Professional Basketball Player Performance Trends

David Ng
davidng@fas.harvard.edu

Computer Science 171: Visualization
School of Engineering and Applied Sciences
Harvard University


This website presents a short overview and summary of the project. For additional detailed information, the project report is available in PDF format. The report is here: David_Ng_CS171_Final_Report.pdf

1. Project Overview

The professional basketball league, the National Basketball Association (NBA), posts every player's game statistics for the 2007-2008 season on their official website www.nba.com in real time. The audience is not able to visualize how a player's performance in each statistical category changes over the course of an NBA season. Furthermore, the audience can not compare the performance of two or more players. The motivating question becomes: How can a user visualize and compare an NBA player's performance in a particular statistical category to a number of other players? A user interactive visualization tool is created with the Processing programming language which mines all relevant data from the Yahoo! NBA [3] and the official NBA [2] websites and allows the user to quickly search for multiple players of interest and compare their performance in every statistical category over the course of an entire NBA season. The intended audience consists of users of all ages that are interested in basketball statistics. A filtering method that averages a player's performance per 48 minutes was also implemented to accentuate performance trends.

2. Visualization Approach

The official website of the NBA [2], www.nba.com, has statistics of every single player in the league for every single game played. The statistical categories that are recorded include a list of 19 performance items. They are minutes played, field goals attempted, field goals made, field goal percentage, three points attempted, three points made, three point percentage, free throws attempted, free throws made, free throw percentage, offensive rebounds, defensive rebounds, total rebounds, assists, turnovers, steals, blocks, personal fouls, and points. There are currently 433 players in 30 teams, 19 statistical categories, and 82 games in a season. The official NBA website computes the player's season averages in each category, but does not provide any tools or visualizations that show how a player's performance changes throughout the course of the season. Also, there is no way to compare the statistics of one player to a number of other players. As a user, I found this frustrating so I set out to solve the problem by answering the question I posed. A visualization was created with the Processing programming language to mine relevant data, quickly search for a number of players, and visually compare their statistical trends for the 2007-2008 NBA season.

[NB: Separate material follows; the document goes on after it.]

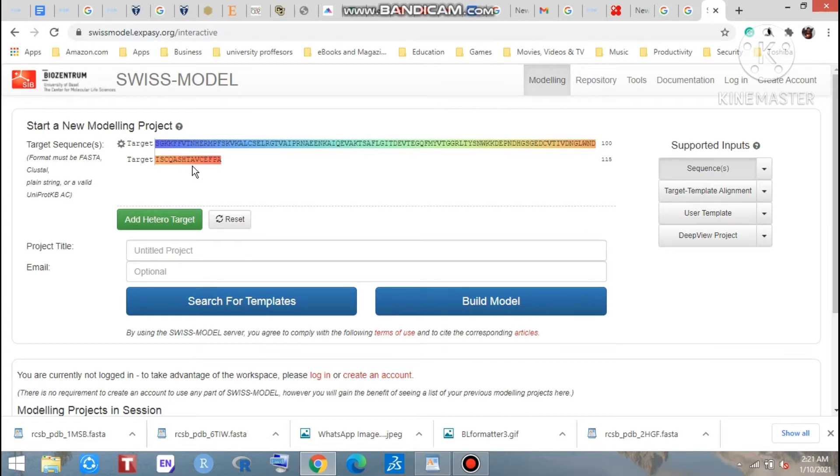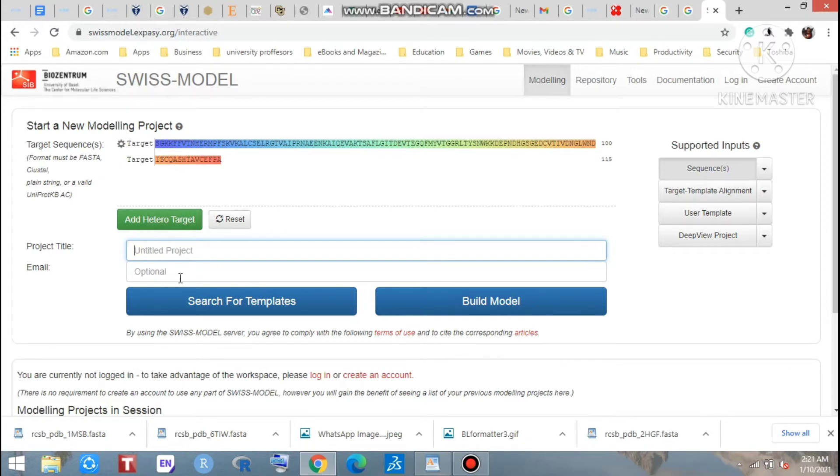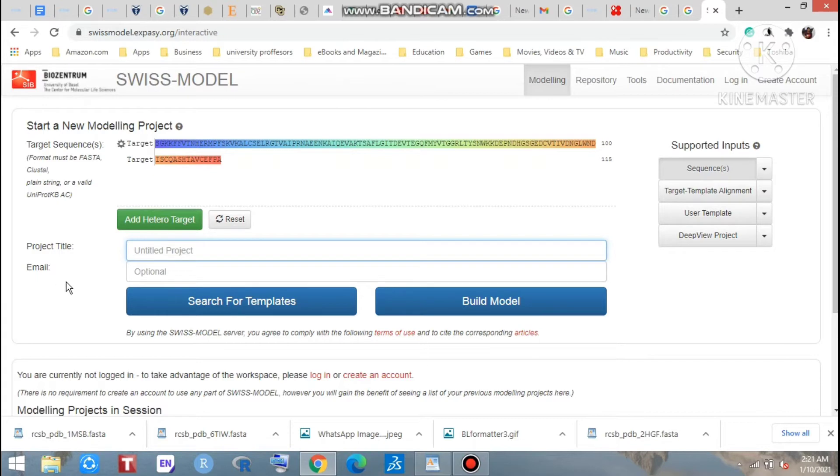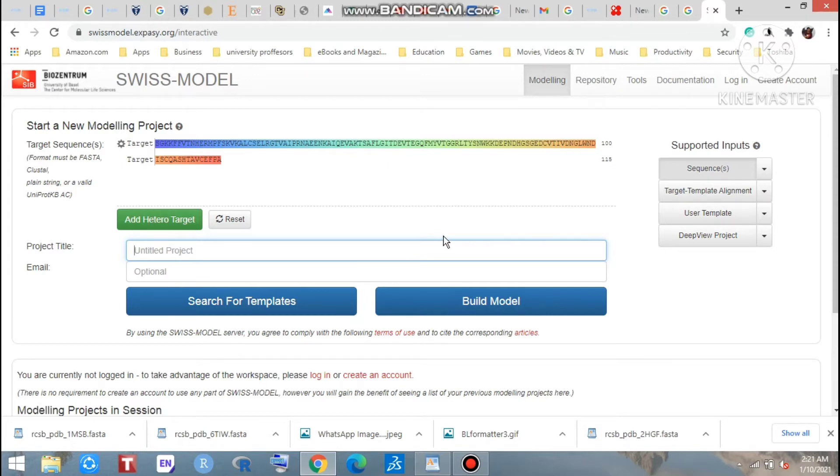And if you want, you can click here and you can put the name of your project, and if you want you may write here your email - you will get the result in the email, but that's optional.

The visualization can be summarized as follows. Additional details can be seen in the report for the visualization, available in PDF format here: David_Ng_CS171_Final_Report.pdf.

2.1 Data Acquisition

The user can run the Processing program mineStatsLogosPics (see the Downloads section for more details) to mine/scrape and acquire data for the visualization. The data acquired for the visualization can be broken up into four categories. The categories are the team profiles, player profiles, player statistics game logs, and team logos and player action/profile pictures. The team profiles provide city name and team abbreviation information. The player profiles provide player full name, team, position, height, weight, and years pro information. The team logos and player action/profile pictures are used to visually assist users in searching for players as well as analyzing data.

All the data was acquired by writing a Processing program that mines data from the official NBA [2] and Yahoo! NBA [3] websites. It should be noted that the data for all four categories should not all be mined in a short period of time. The official NBA and the Yahoo! NBA websites will block the IP address of the user sending requests for data at a high rate in a short period of time. Once the user's IP address is blocked, the user will be unable to access and mine data from the websites of interest for up to 24 hours or longer. The speed at which the data can be mined without exceeding the maximum request threshold is unknown so the user should proceed with caution! At the time the program was run, a total of 1751 files were mined which required 35.5 MB of disk space to store. These numbers may change with time when players leave and enter the NBA, pictures of players and logos of teams change, or the number of statistics or statistical categories change.

2.2 Player Search Engine

The user can run the Processing program visualizeData (see the Downloads section for more details) to search for players and visualize data. The player search engine screenshot can be seen in Figure 1. The items numbered 1 through 6 in the yellow circles highlight the key features of the search engine. Item 1 is a group of two tabs that allows the user to switch between the player search engine and the player statistics plots. When the user starts the program, a prompt will tell the user to search for players. The user can click on the search categories in item 3, which are Player Name, Team, Position, Height, Weight, and Years Pro. The selected search category is highlighted in green. The user can mouse-over the other red categories and click with the mouse to select one of those categories to be the search category. The example screen shot shows that the default search category, Player Name, is selected.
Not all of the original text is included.